Roberto Actis, export manager Grandi Vini Group: in Brasile il vino italiano ancora non decolla

15 Febbraio 2012
Roberto-Actis Roberto-Actis

Il Vino italiano potrebbe quadruplicare le vendite in Brasile e nel giro di un anno, se solo i dazi per i vini europei non fossero troppo alti.

A dichiararlo è Roberto Actis (nella foto), export manager del Consorzio Grandi vini Group. L’importazione di vini sarebbe penalizzata infatti, come denuncia, da un sistema di dazi doganali che non consentirebbero alle bottiglie  europee di competere sullo scaffale con quelle sudamericane.

“In Brasile – spiega  Actis- ci sarebbero grandi potenzialità di crescita compromesse dalle politiche di protezionismo applicate dal Mercosur, il mercato comune del Sud America. C’è un gap enorme tra il prezzo di vendita in enoteca di un vino cileno o argentino e il vino europeo. Se a parità dello stesso costo franco cantina di 5 euro un vino sudamericano arriva allo scaffale a 15 euro, quello proveniente da oltre oceano sarebbe esposto con un prezzo di 45 euro. Parliamo in questo caso di un vino tipo Prosecco”.

Inaccessibili al consumatore medio sarebbero, rivela il giovane manager, proprio i vini icona del Made in Italy come Brunello e Barolo, venduti a 500 euro a bottiglia.

“E’ un vero peccato – continua Actis- che il vino italiano venga così tanto penalizzato solo per una questione di prezzo.

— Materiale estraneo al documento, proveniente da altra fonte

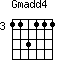 Gmadd4=113111_3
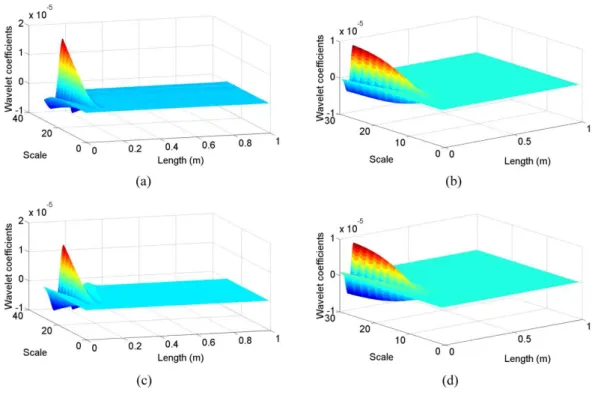 Figure 10   Wavelet coefficients for Case VIII: (a) symmetrical 4 CWT, (b) SWT+ symmetrical 4 CWT, (c) bior6.8 CWT, (d) SWT+ 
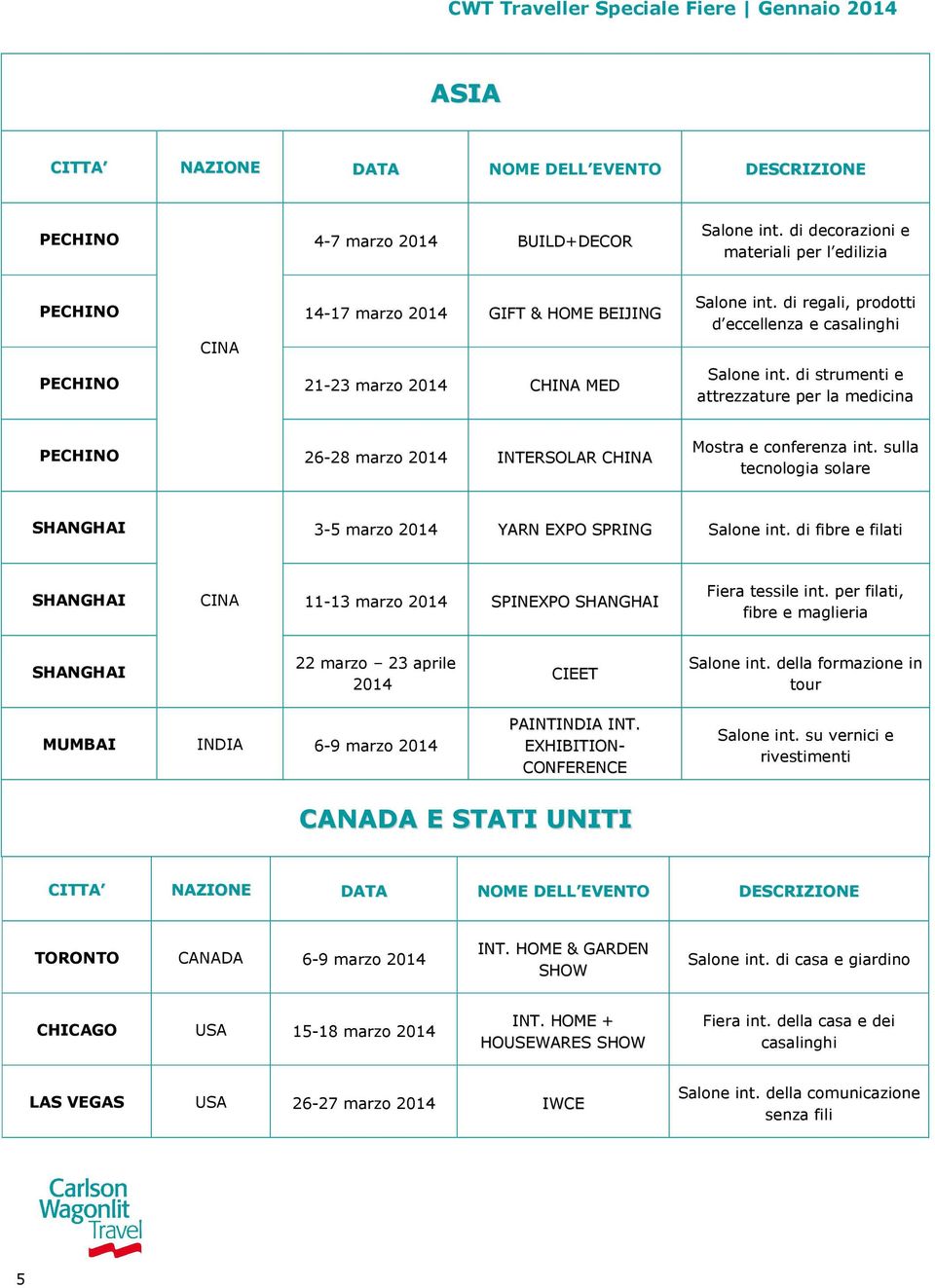 di strumenti e attrezzature per la medicina PECHINO 26-28 marzo INTERSOLAR CHINA Mostra e conferenza int. sulla tecnologia solare SHANGHAI 3-5 marzo YARN EXPO SPRING Salone int.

Fatta eccezione per il Lambrusco, che s riesce facilmente a vendere grazie al basso costo: si pensi che rappresenta il 78 % delle vendite di vino italiano: su dieci bottiglie importate italiane, otto sarebbero di Lambrusco”.

Il Brasile rappresenterebbe un canale di sbocco privilegiato per i produttori italiani grazie al fatto che L’Italia, rispetto ad altri Paesi europei, godrebbe di un’immagine positiva e vi sarebbe  un bacino enorme di consumatori dato che circa 22 milioni di cittadini brasiliani, sono oriundi del Bel Paese. Inoltre, anche se per tradizione e storia non è produttore di vino, Il Brasile vanta una cultura enologica diffusa, tanto che non c’è ristorante, fa sapere Actis, che non si avvalga della figura del sommelier. Per il decollo delle importazioni il manager si fa portavoce del pensiero condiviso da molte cantine che esportano nel Paese lanciando un appello all’Unione Europea sull’urgenza di un’azione per l’abolizione delle accise.

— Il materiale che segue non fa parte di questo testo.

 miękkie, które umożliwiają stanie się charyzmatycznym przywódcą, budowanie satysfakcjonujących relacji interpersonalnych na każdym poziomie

Se ancora il consumo dei vini italiani non è esploso, due tipologie di vino in particolare, a detta di Actis, in questi ultimi anni, starebbero spopolando. Entrambi sono del Sud Italia, il Nero d’Avola  e il Primitivo di Manduria. Apprezzati dal consumatore brasiliano perché simili ai vini cileni e argentini. Al di là di questi  rossi, non vi sarebbero preferenze legate a particolari regioni italiane del vino, dato che le stesse non sarebbero conosciute a differenza della Sicilia, che invece è ben identificata dal punto di vista geografico. Persino il territorio dell’Etna comincerebbe ad essere riconosciuto.

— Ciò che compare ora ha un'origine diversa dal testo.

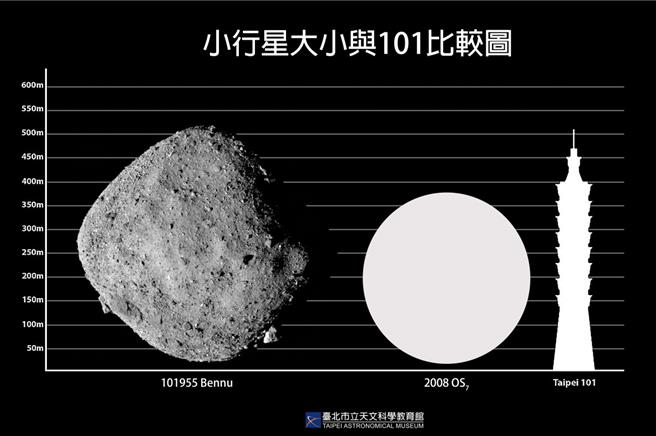 直徑接近台北101大樓的「2008 OS7小行星」將在2月2日最接近地球。（天文館提供／蔡佩珈台北傳真）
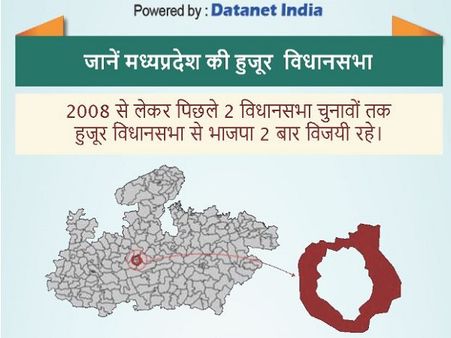हुजूर विधानसभा सीट: बीजेपी ने उतारा कट्टर हिंदूवादी चेहरा रामेश्वर शर्मा को मैदान में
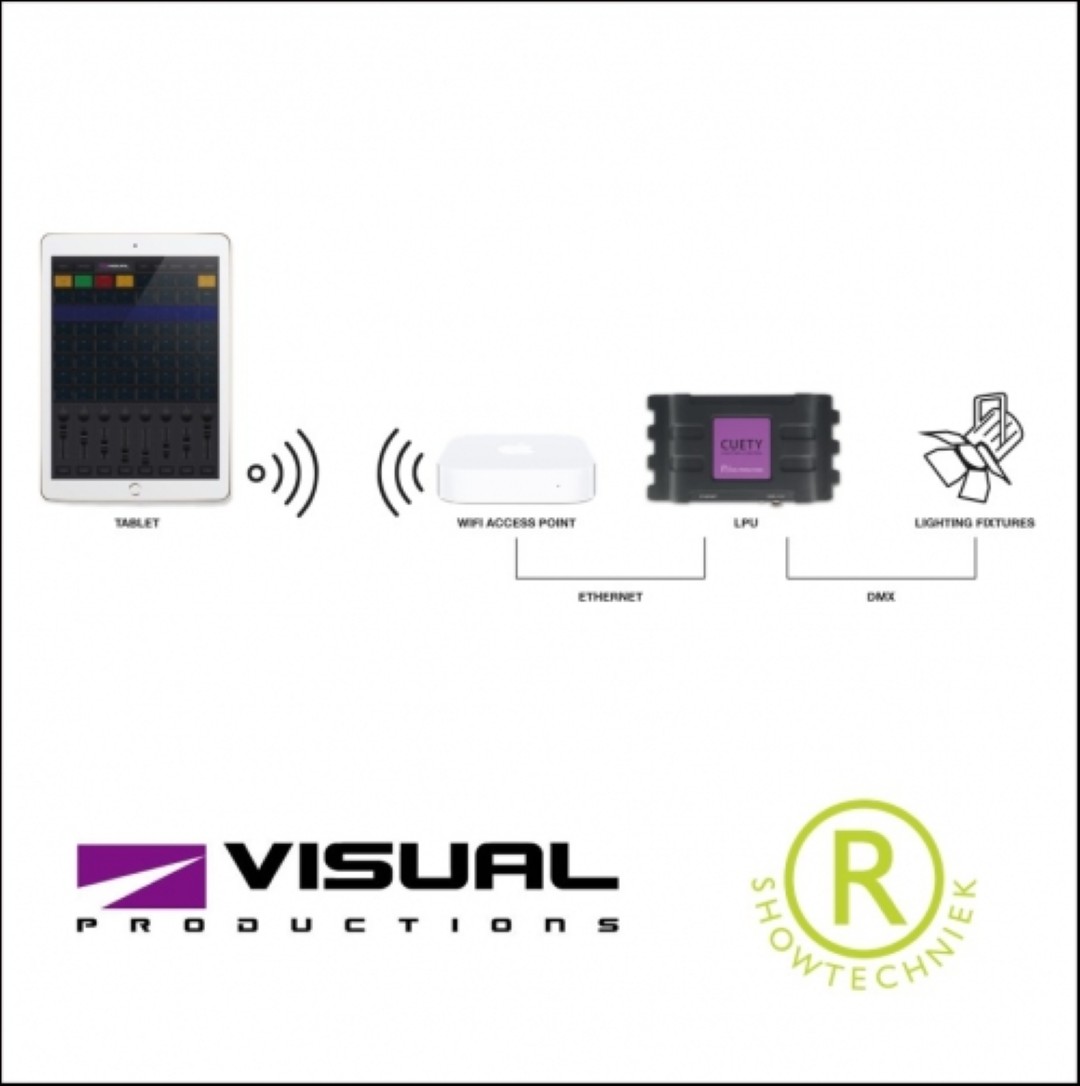 lichtbesturings-app en geheugen LPU1 Cuety 512 DMX kanalen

Un settore che tarda a svilupparsi in Brasile, riferisce Actis, è quello dei  vini naturali. Attualmente, nel Paese non vi sarebbero ancora i presupposti per un mercato che accolga questa tipologia di vini guardati con diffidenza a causa del diffuso luogo comune che li etichetta come vini “fatti in casa”. “Sui vini naturali si è un po’ dubbiosi- afferma Actis- e suona come un paradosso dato che il Brasile è uno dei maggiori Paesi produttori al mondo nel comparto del biologico”.